Predicting Topological Maps for Visual Navigation in Unexplored Environments
This addresses the challenge for robots to navigate efficiently in unseen environments by leveraging prior experiences, representing an incremental advancement in robotic learning systems.
The paper tackles the problem of autonomous visual navigation in unexplored environments by predicting probabilistic layout graphs, resulting in more rapid and accurate goal-based navigation compared to prior art, as demonstrated in Matterport3D with improved success and efficiency.

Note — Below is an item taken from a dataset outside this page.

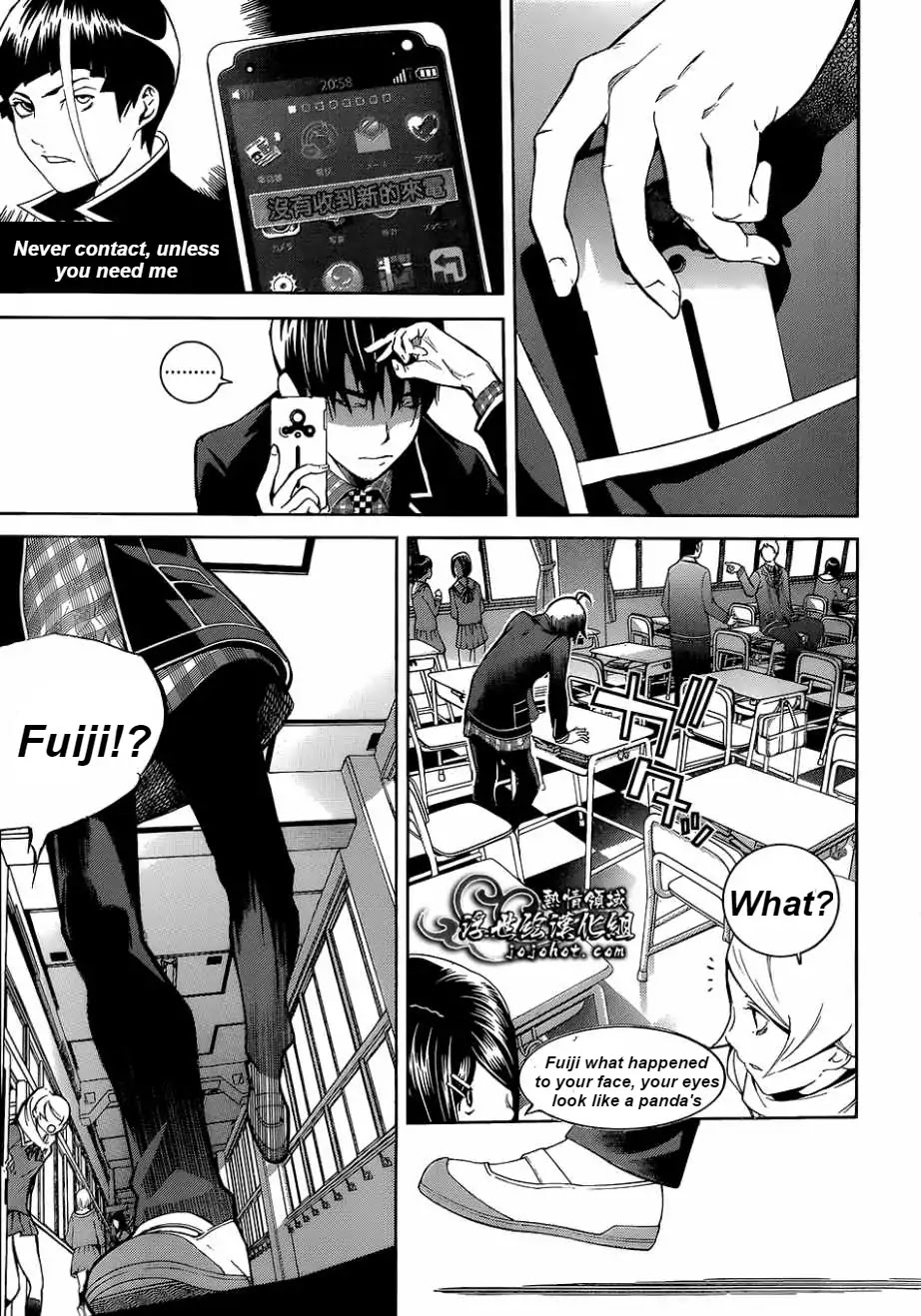 Biorg Trinity Chapter 15 - Page 26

We propose a robotic learning system for autonomous exploration and navigation in unexplored environments. We are motivated by the idea that even an unseen environment may be familiar from previous experiences in similar environments. The core of our method, therefore, is a process for building, predicting, and using probabilistic layout graphs for assisting goal-based visual navigation. We describe a navigation system that uses the layout predictions to satisfy high-level goals (e.g. "go to the kitchen") more rapidly and accurately than the prior art. Our proposed navigation framework comprises three stages: (1) Perception and Mapping: building a multi-level 3D scene graph; (2) Prediction: predicting probabilistic 3D scene graph for the unexplored environment; (3) Navigation: assisting navigation with the graphs. We test our framework in Matterport3D and show more success and efficient navigation in unseen environments.